5. Il y a lieu, dans les circonstances de l'espèce, de régler, dans cette mesure, l'affaire au titre des pouvoirs du juge des référés, en faisant application des dispositions de l'article L. 821-2 du code de justice administrative.

6. Il résulte de l'instruction que la date de consolidation de l'état de santé de M. A doit être fixée au 23 décembre 2015. Il en découle qu'en application des dispositions mentionnées au point 2, et ainsi qu'il est dit au point 3, la créance était prescrite à la date à laquelle il a adressé au préfet de la Guadeloupe une première demande indemnitaire le 30 décembre 2020. Par suite, M. A n'est pas fondé à se plaindre de ce que, par l'ordonnance du 23 juin 2024, le juge des référés du tribunal administratif de Saint-Martin a rejeté sa demande présentée en application de l'article R. 541-1 du code de justice administrative.

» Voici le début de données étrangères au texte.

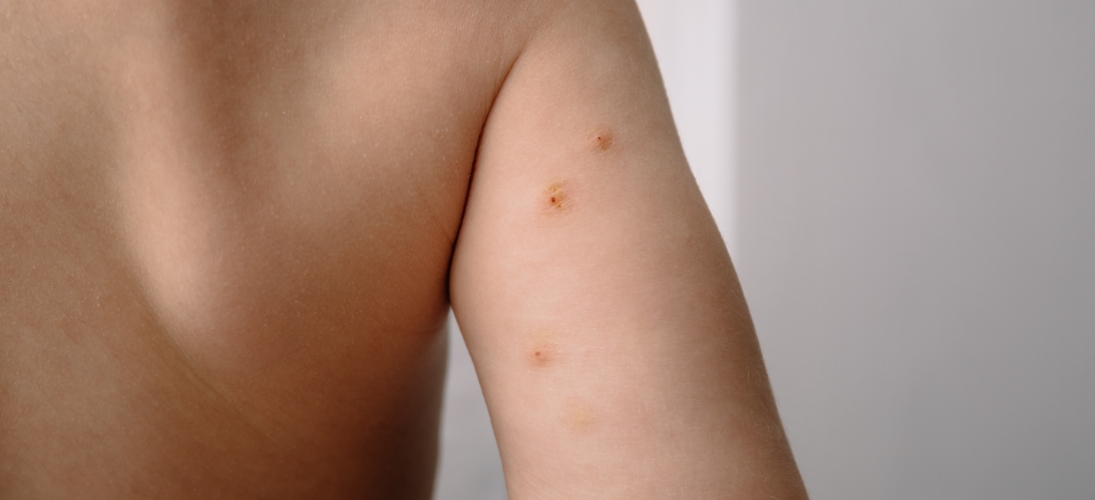 Ce qu’il faut savoir sur le molluscum contagiosum chez l’enfant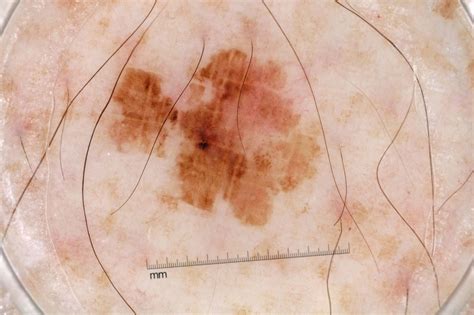 Moth-eaten Border | Dermatoscopes.com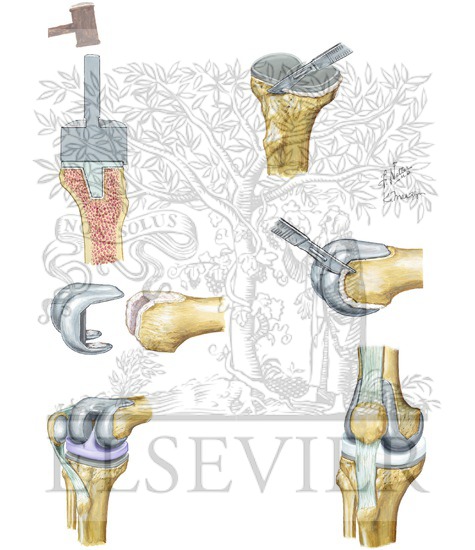 Watermarked preview of unlabeled image: Total Knee Replacement Technique: Steps 15 to 20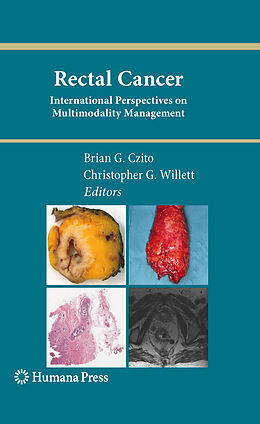 E-Book (pdf) Rectal Cancer von Brian G. Czito, Christopher G. Willett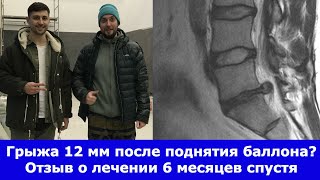 Грыжа 12 мм уменьшилась в 2 раза за 6 месяцев. Отзыв о лечении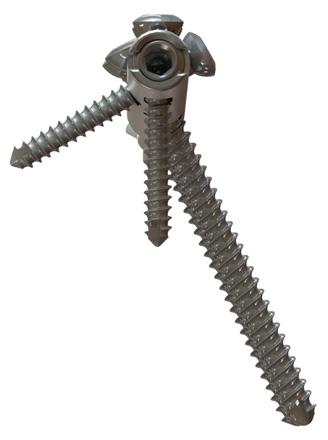 5 mm Syndesmosis screws 130mm & 180mm 40mm 30mm 40, 45, 50, 55, 60, 65, 70mm 19mm 14mm 10mm 6mm Syndesmosis Screws Catalog # Label Description CO3540-D 3.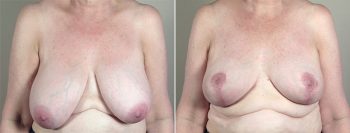 Breast Lift (Vertical Mastopexy) with Reduction Patient 16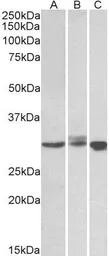 Anti-Livin antibody, C-term used in Western Blot (WB). GTX89665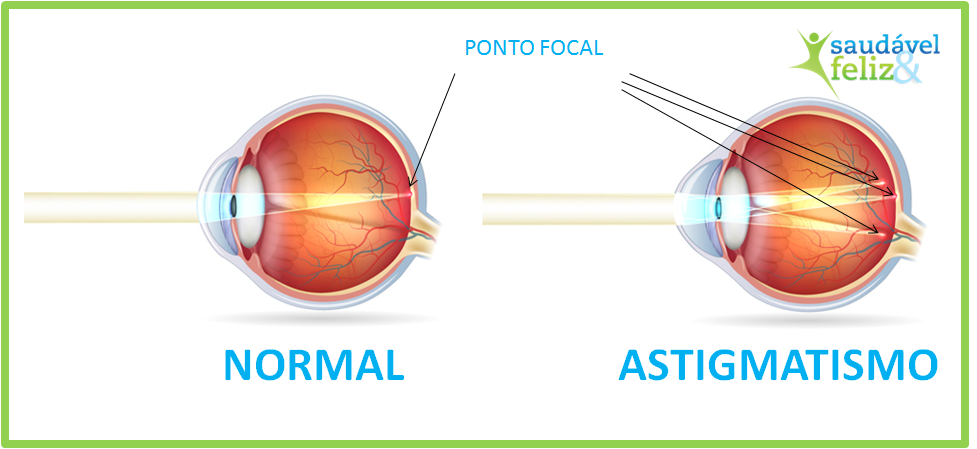 Astigmatismo e a miopia astigmatismo-e-a-miopia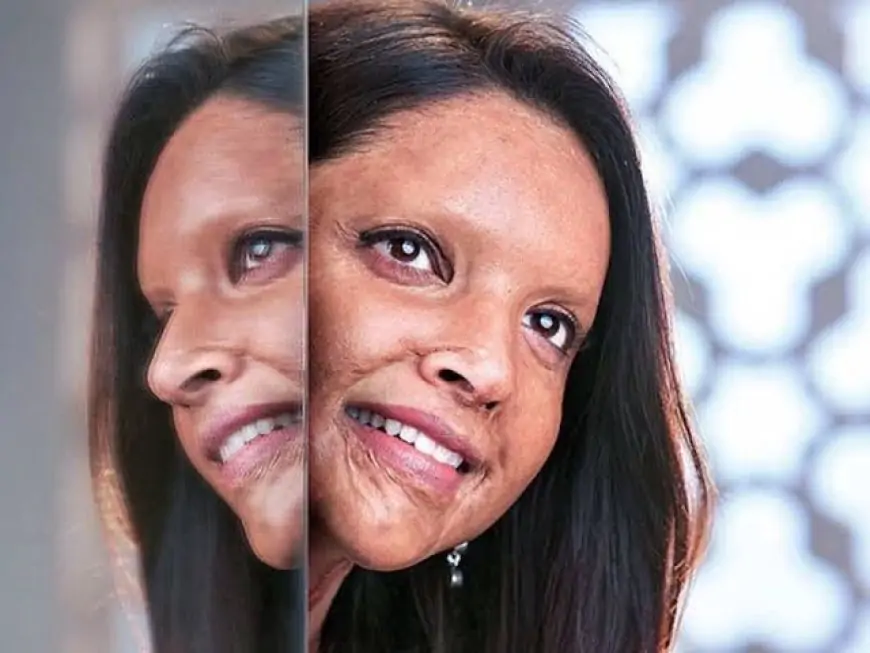 Chhapaak Download Full Movie Leaked Online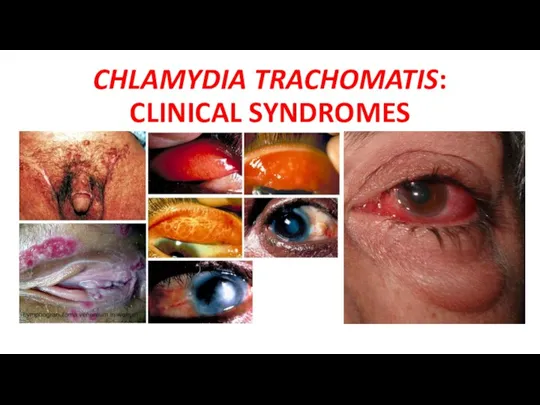 CHLAMYDIA TRACHOMATIS: CLINICAL SYNDROMES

L'appel formé par M. A contre cette ordonnance doit, dès lors, être rejeté, y compris les conclusions tendant à l'application de l'article L. 761-1 du code de justice administrative.

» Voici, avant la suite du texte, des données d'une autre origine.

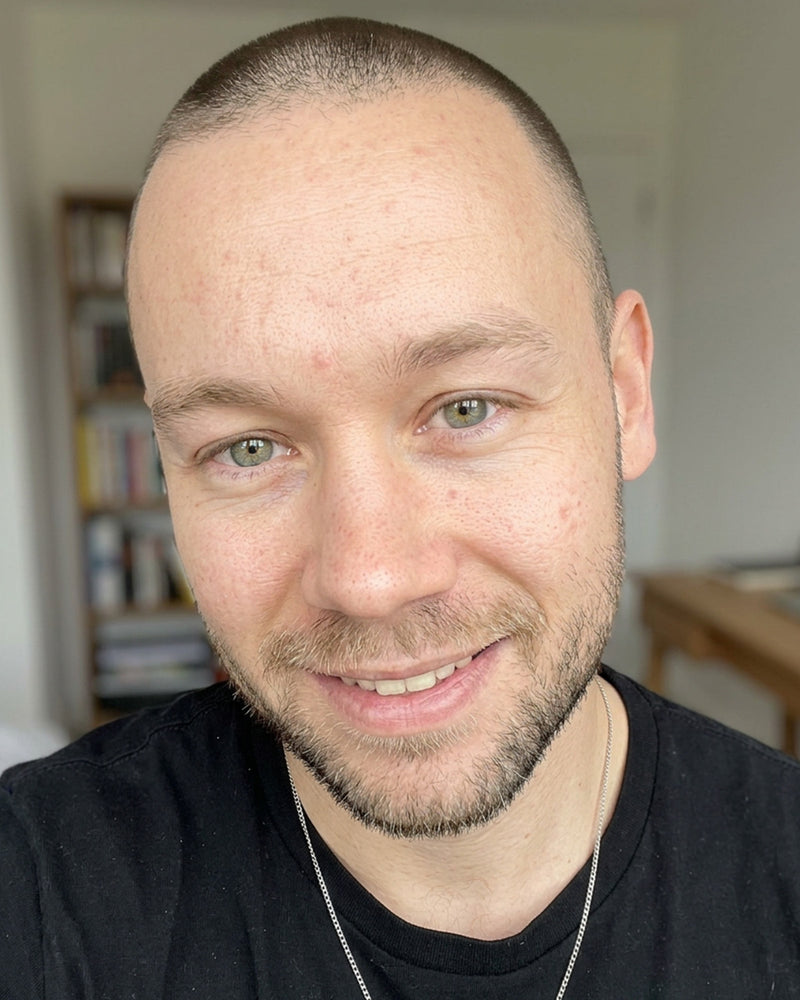 Clearer forehead after using KYLA forehead patches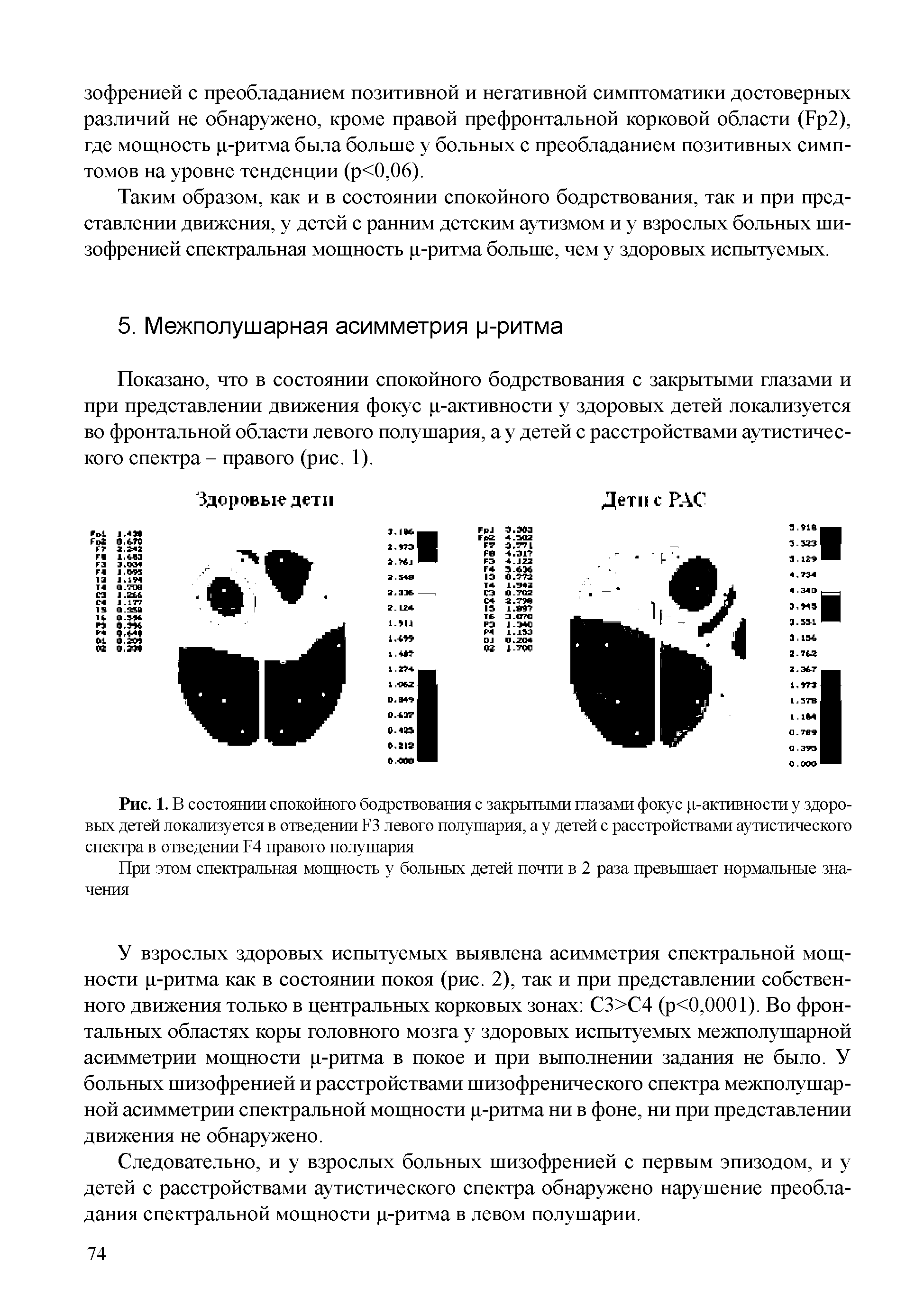 Рис. 1. В состоянии спокойного бодрствования с закрытыми глазами фокус ц-активности у здоровых детей локализуется в отведении 13 левого полушария, а у детей с расстройствами аутистического спектра в отведении 14 правого полушария...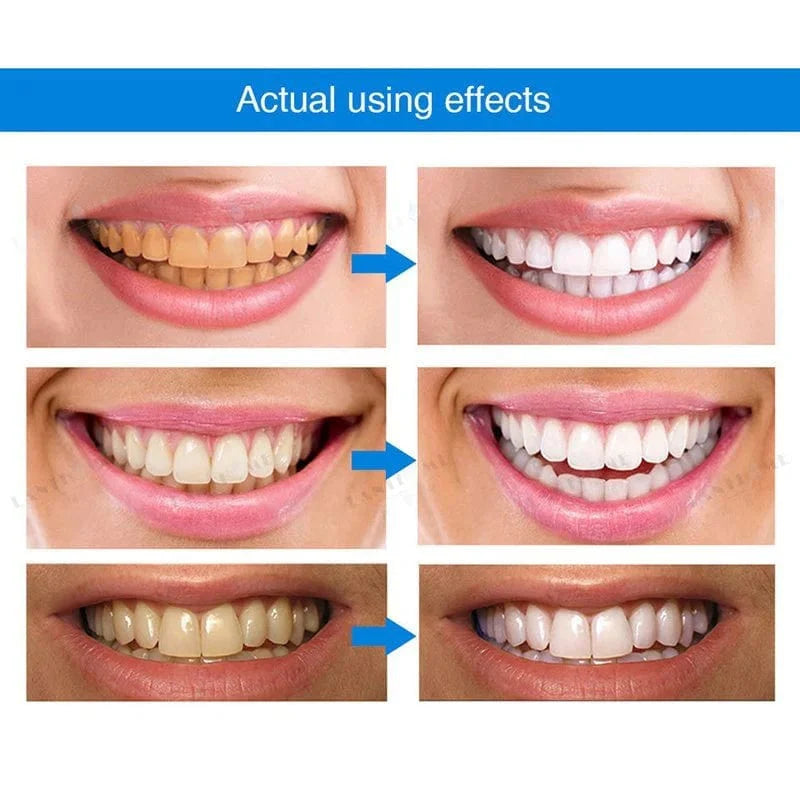 DENTIPEN Teeth Whitening Gel Pen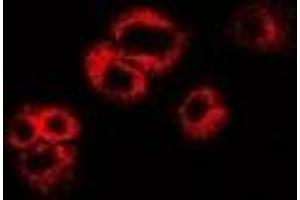 Immunofluorescent analysis of WIF-1 staining in U2OS cells.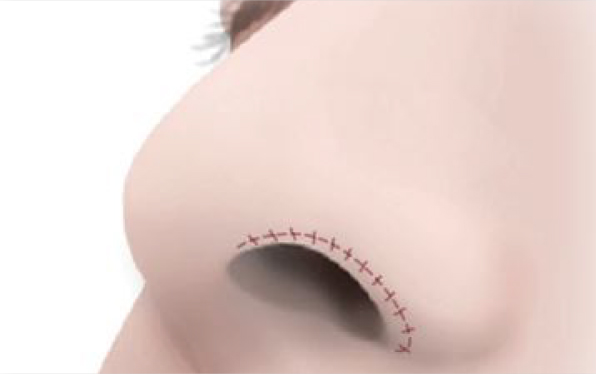 縫合して完了です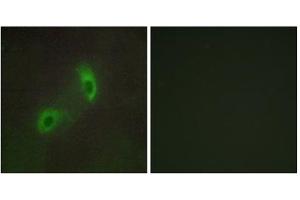 Immunofluorescence analysis of HUVEC cells, using HGS antibody. (HGS antibody  (Internal Region))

8. Les dispositions de l'article L. 761-1 du code de justice administrative font obstacle à ce qu'une somme soit mise, à ce titre, à la charge de l'Etat, qui n'est pas, dans la présente instance, la partie perdante.

D E C I D E :

--------------

Article 1er : L'ordonnance du 9 juillet 2024 du juge des référés de la cour administrative d'appel de Bordeaux est annulée en tant qu'elle annule l'ordonnance du 23 janvier 2024 du juge des référés du tribunal administratif de Saint-Martin en tant qu'elle rejette comme irrecevables les conclusions tendant à l'octroi d'une indemnité provisionnelle afférente au déficit fonctionnel permanent et condamne l'Etat à verser à M. A une indemnité provisionnelle d'un montant de 178 000 euros.

Article 2 : L'appel formé par M. A contre l'ordonnance du 23 janvier 2024 du juge des référés du tribunal administratif de Saint-Martin est rejeté dans la mesure mentionnée à l'article 1er.

Article 3 : Les conclusions présentées par M. A au titre de l'article L. 761-1 du code de justice administrative sont rejetées.

Article 4 : La présente décision sera notifiée au ministre d'Etat, ministre de l'intérieur et à M. B A.